4. Narasi PMP: Antara Harapan, Nostalgia, dan Miskonsepsi

Ketika kegelisahan muncul, banyak orang menuntut agar mata pelajaran PMP (Pendidikan Moral Pancasila) kembali diterapkan, dengan klaim:

“Karakter siswa rusak karena PMP hilang.”

Namun, klaim ini tidak didukung bukti ilmiah.

A. Pendidikan Karakter Bukan Sekadar Mata Pelajaran

Ahli pendidikan karakter, Thomas Lickona, menyatakan:

 “Character is developed through consistent modeling and school culture, not through isolated classroom lessons.”()

Artinya:

  • karakter tidak dibentuk oleh satu mata pelajaran,
  • tetapi oleh budaya sekolah: keteladanan guru, disiplin konsisten, relasi sosial yang sehat.

Bahkan jika PMP dikembalikan, ia hanya memberi kontribusi kecil.

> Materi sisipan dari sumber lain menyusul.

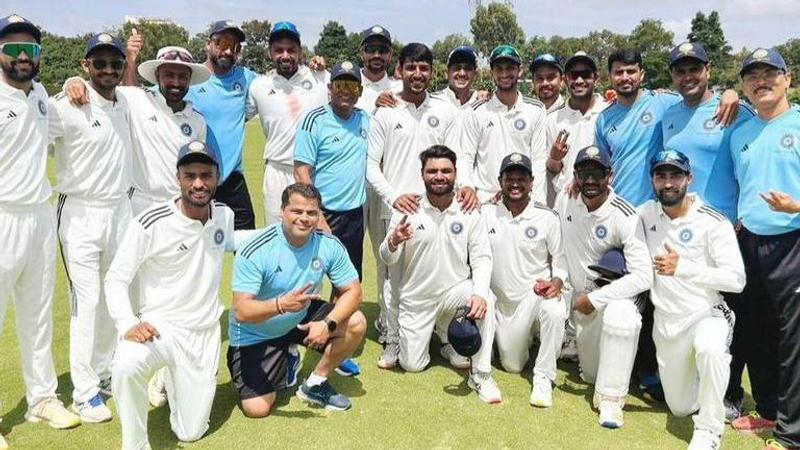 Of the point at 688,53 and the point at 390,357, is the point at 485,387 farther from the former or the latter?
the point at 688,53

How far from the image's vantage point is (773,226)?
4520mm

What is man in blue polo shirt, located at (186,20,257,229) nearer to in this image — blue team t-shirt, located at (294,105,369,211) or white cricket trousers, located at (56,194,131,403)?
blue team t-shirt, located at (294,105,369,211)

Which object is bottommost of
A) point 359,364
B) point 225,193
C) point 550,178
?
point 359,364

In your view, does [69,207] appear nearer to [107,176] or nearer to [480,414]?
[107,176]

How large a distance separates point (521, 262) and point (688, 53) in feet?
7.38

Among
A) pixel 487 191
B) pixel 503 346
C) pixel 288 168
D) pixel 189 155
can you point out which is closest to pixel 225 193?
pixel 288 168

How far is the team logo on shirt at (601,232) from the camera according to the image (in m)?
5.35

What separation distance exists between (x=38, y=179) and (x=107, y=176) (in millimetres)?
504

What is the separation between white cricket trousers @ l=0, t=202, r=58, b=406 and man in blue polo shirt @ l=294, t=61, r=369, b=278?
2.24 meters

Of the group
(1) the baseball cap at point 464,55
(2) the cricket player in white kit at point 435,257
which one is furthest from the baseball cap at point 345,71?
(1) the baseball cap at point 464,55

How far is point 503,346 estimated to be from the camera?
227 inches

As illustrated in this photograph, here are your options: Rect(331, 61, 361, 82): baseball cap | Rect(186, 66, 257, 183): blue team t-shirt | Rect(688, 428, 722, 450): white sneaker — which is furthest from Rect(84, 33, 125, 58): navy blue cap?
Rect(688, 428, 722, 450): white sneaker

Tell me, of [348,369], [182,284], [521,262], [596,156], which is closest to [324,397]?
[348,369]

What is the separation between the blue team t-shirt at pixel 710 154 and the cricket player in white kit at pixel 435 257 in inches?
71.8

B. Sejarah PMP: Tidak Sesuai Imajinasi Publik

Banyak orang membayangkan PMP masa lalu “sukses membentuk karakter”. Padahal:

  • ia berjalan bersamaan dengan rezim otoriter Orde Baru,
  • motivasi belajar moral dibentuk melalui indoktrinasi dan ketakutan,
  • bukan pengembangan moral intrinsik.

Pakar kurikulum, Paulo Freire, menyebut pendidikan doktriner seperti ini sebagai:

 “banking education that does not liberate, but controls.”()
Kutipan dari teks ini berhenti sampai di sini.